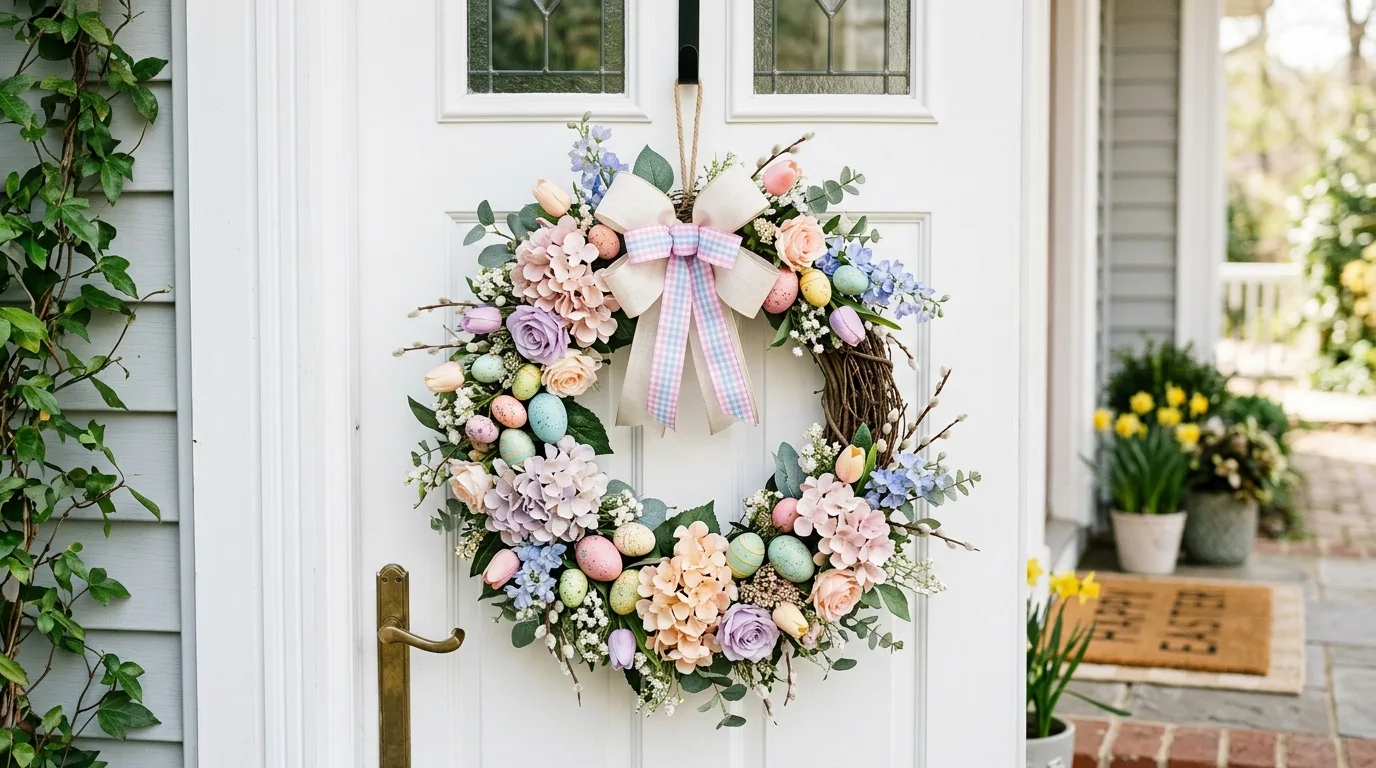 Pastel Easter door hanger wreath with eggs and flowers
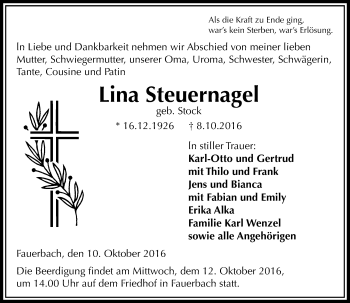 Traueranzeige von Lina Steuernagel von  Kreisanzeiger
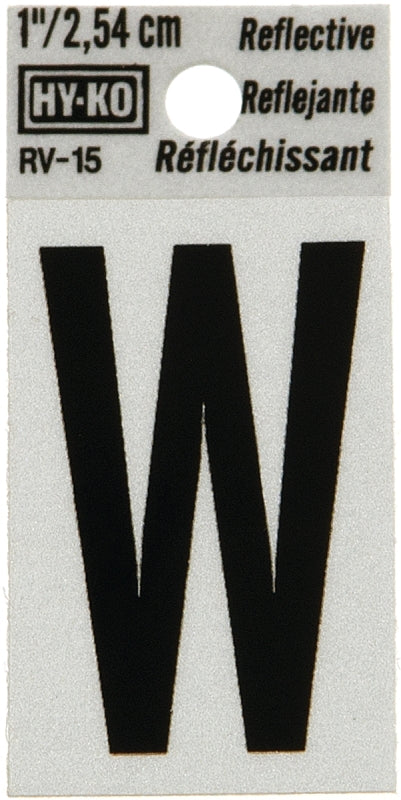 Hy-Ko RV-15 Series RV-15/W Self-Adhesive Reflective Letter, Character: W, 1 in H Character, Black Character, Vinyl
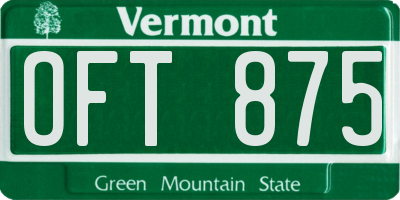 VT license plate OFT875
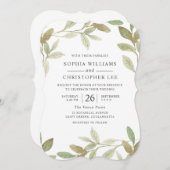 水モダン色グリーンリーフ秋夏結婚の 招待状 (正面/裏面)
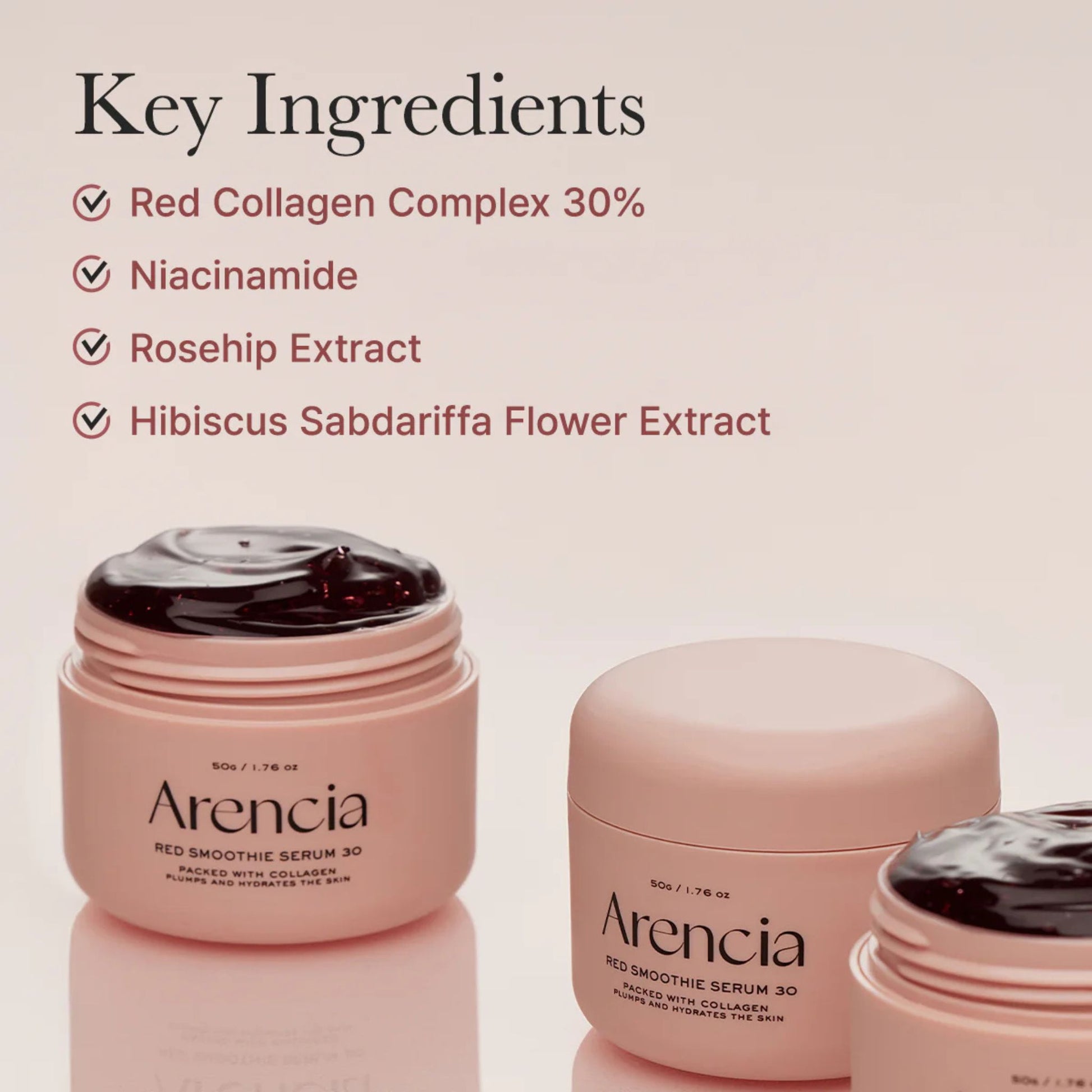 Arencia skincare serum jars with a list of key ingredients on a light pink background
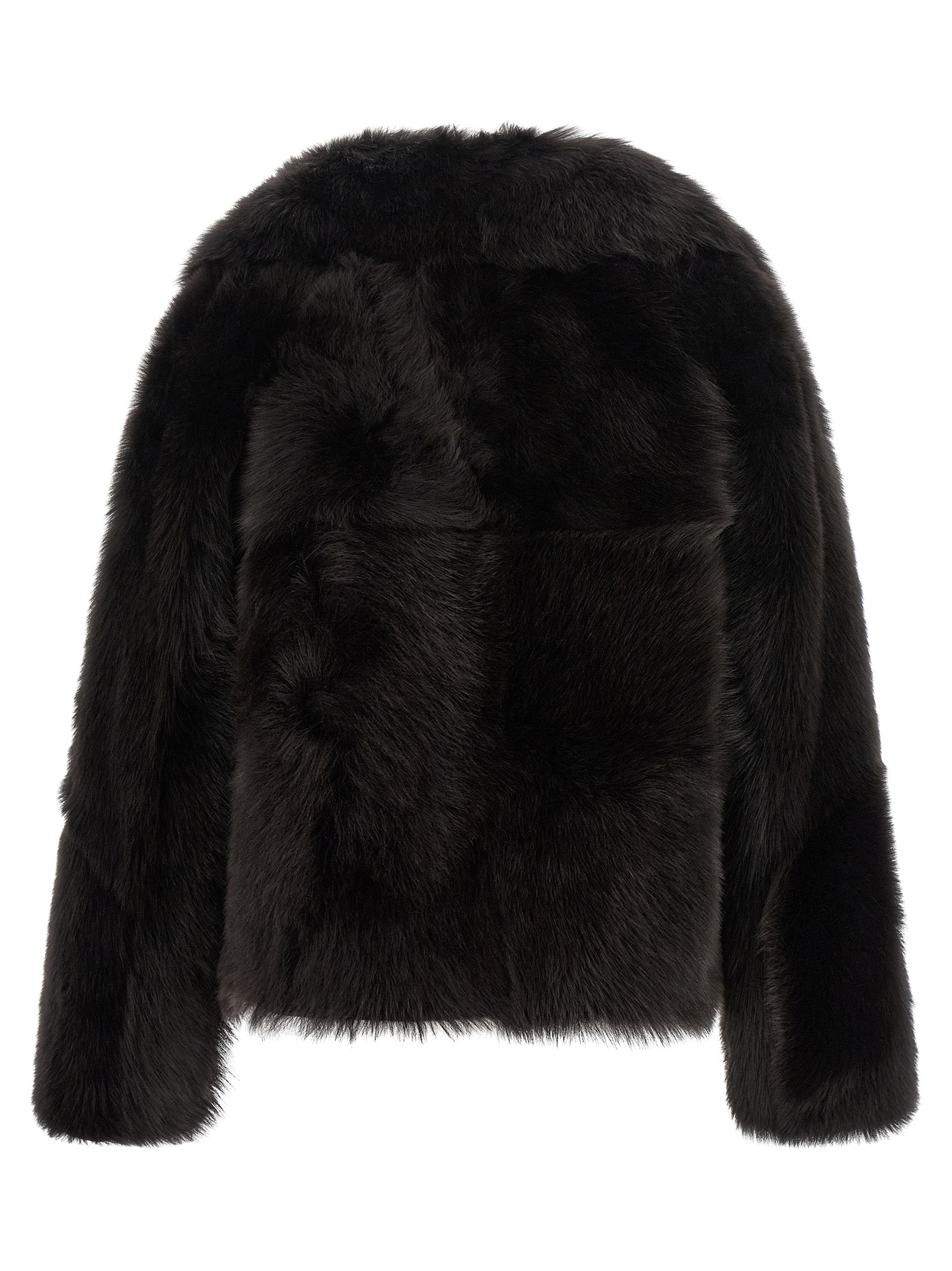 Brown Lamb Fur Full-Length Jacket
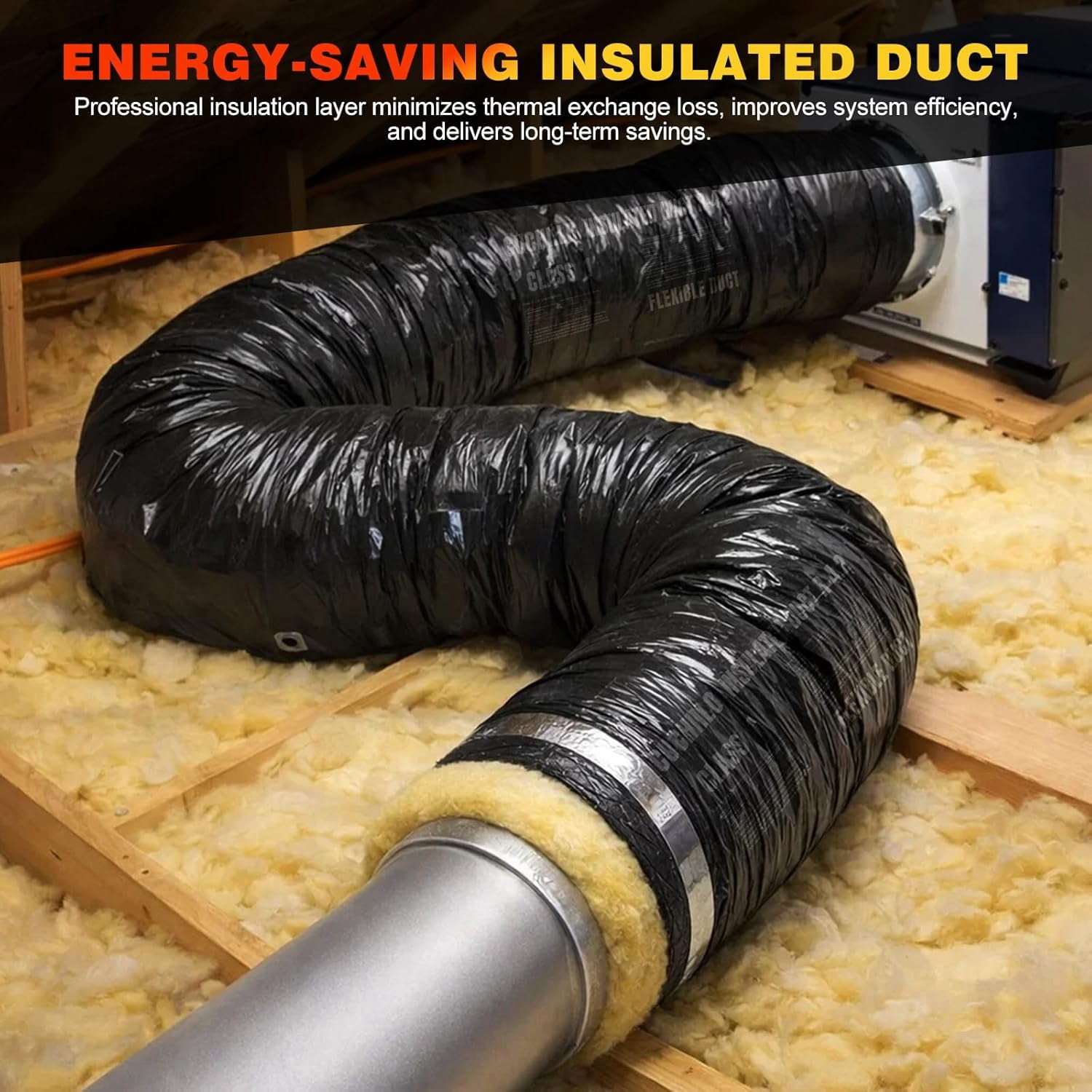 4 Inch Insulated Flexible Duct 25 FT, R4 HVAC Flex Duct Black Jacket, Owens Corning Fiberglass, Ventilation
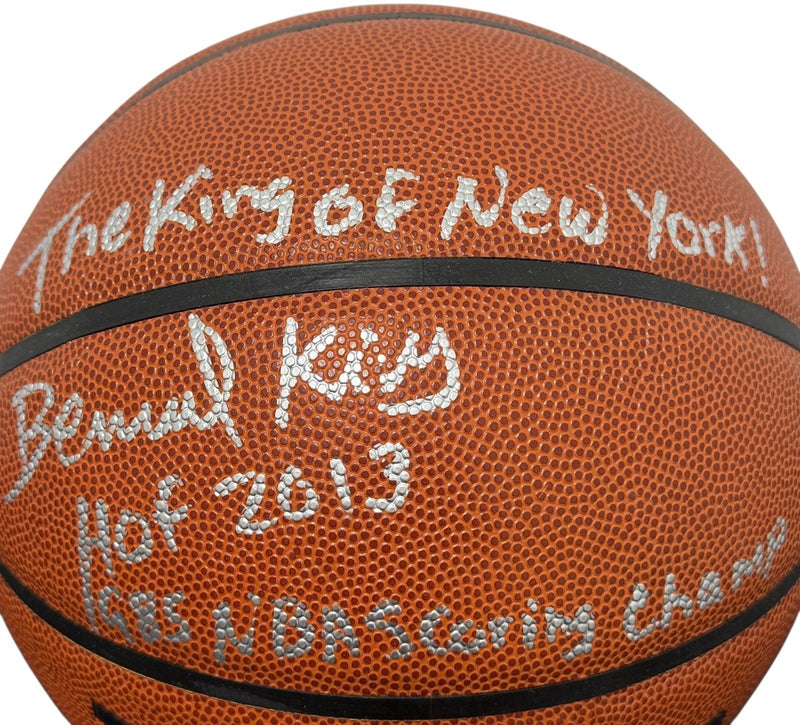 Bernard King Signed Wilson NBA Basketball w/ 3 Insc Beckett Witness BAS COA
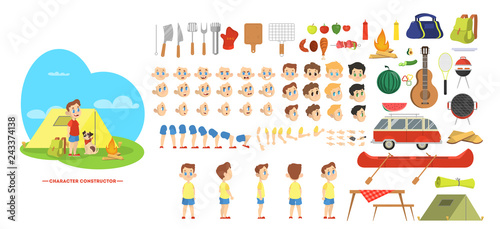 Boy character on barbeque set for animation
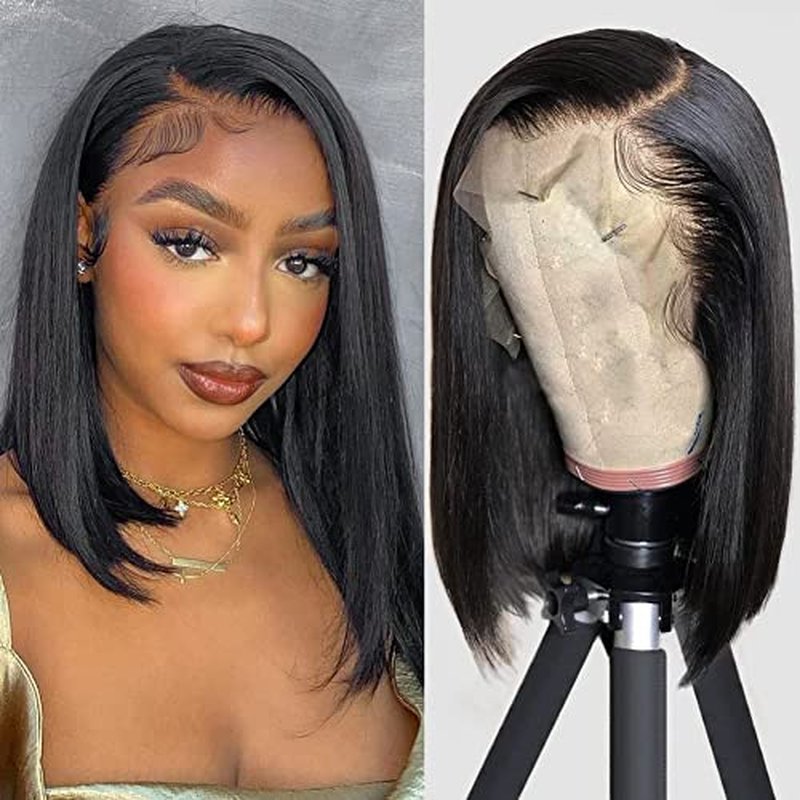 Caijuxing Bob Wig Human Hair 13x4 Straight Hd Lace Front Wigs with Baby Hair 180% Density Glueless Wigs Human Hair Pre Plucked Short Bob Wigs for Women (14 Inch)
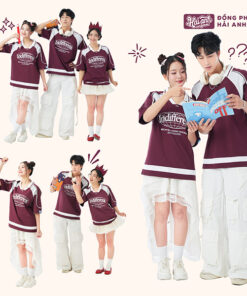 Mẫu Áo Đồng Phục Lớp Polo Oversize Cổ Tim Youngster Màu Đỏ Mận - ảnh 2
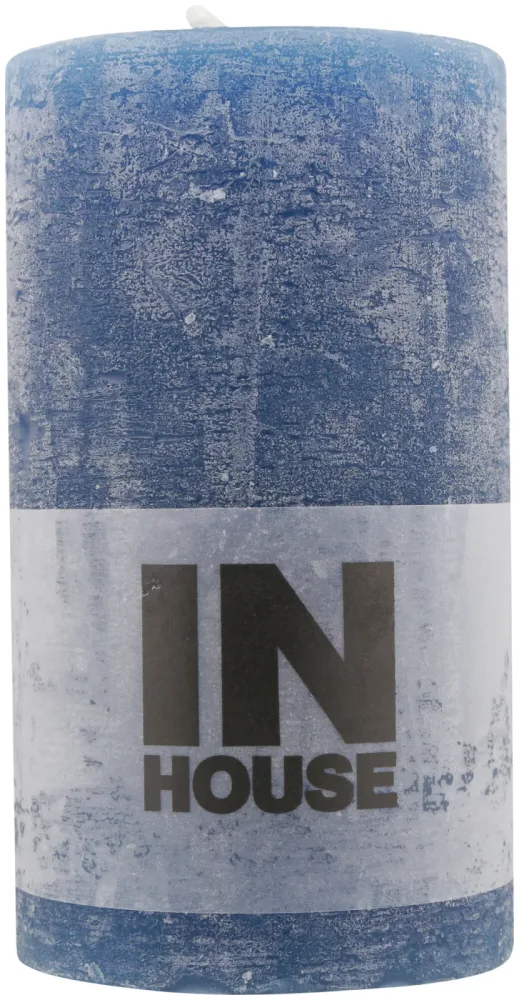 Inhouse Zylinderkerze Rustic 68x120 Petrolblau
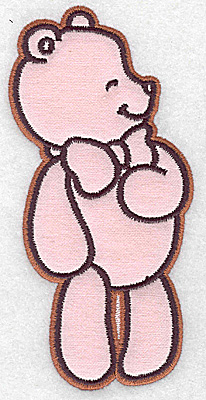 Embroidery Design: Bear wearing bow tie applique<br> 2.89w X 6.10h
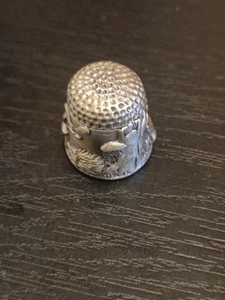 Vintage Pewter Thimble Woodland Animals - Foto 1 di 5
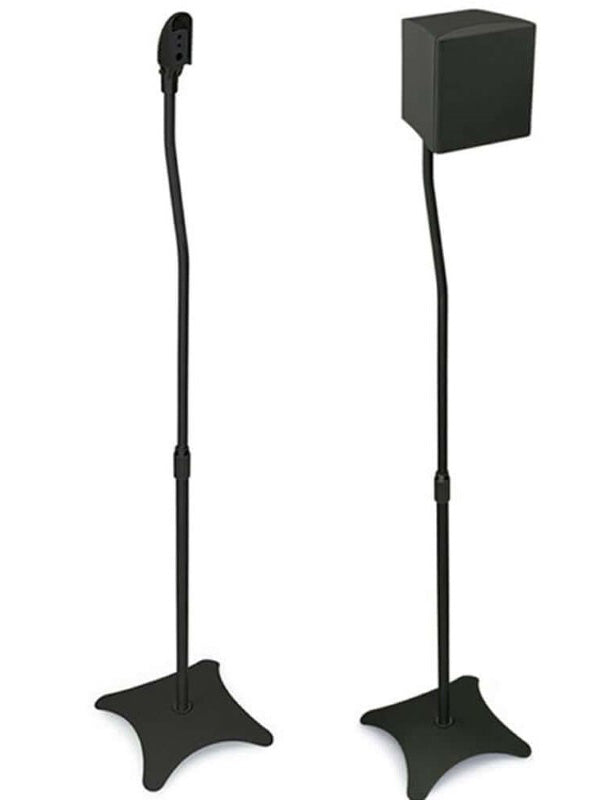 Speaker Stands for Home Theater 5.1 Channel Surround Sound System – Adjustable Mounts for Satellite Speakers (Black)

▶ [Aim of the exercise]: Repeat every record above exactly, but leave out any pictures.

▶ [Exercise solution]:
 Pastel Easter door hanger wreath with eggs and flowers
 Traueranzeige von Lina Steuernagel von  Kreisanzeiger
 Hy-Ko RV-15 Series RV-15/W Self-Adhesive Reflective Letter, Character: W, 1 in H Character, Black Character, Vinyl
 VT license plate OFT875
 水モダン色グリーンリーフ秋夏結婚の 招待状 (正面/裏面)
 Arencia skincare serum jars with a list of key ingredients on a light pink background
 Brown Lamb Fur Full-Length Jacket
 4 Inch Insulated Flexible Duct 25 FT, R4 HVAC Flex Duct Black Jacket, Owens Corning Fiberglass, Ventilation
 Bernard King Signed Wilson NBA Basketball w/ 3 Insc Beckett Witness BAS COA
 Boy character on barbeque set for animation
 Caijuxing Bob Wig Human Hair 13x4 Straight Hd Lace Front Wigs with Baby Hair 180% Density Glueless Wigs Human Hair Pre Plucked Short Bob Wigs for Women (14 Inch)
 Mẫu Áo Đồng Phục Lớp Polo Oversize Cổ Tim Youngster Màu Đỏ Mận - ảnh 2
 Inhouse Zylinderkerze Rustic 68x120 Petrolblau
 Embroidery Design: Bear wearing bow tie applique<br> 2.89w X 6.10h
 Vintage Pewter Thimble Woodland Animals - Foto 1 di 5
 Speaker Stands for Home Theater 5.1 Channel Surround Sound System – Adjustable Mounts for Satellite Speakers (Black)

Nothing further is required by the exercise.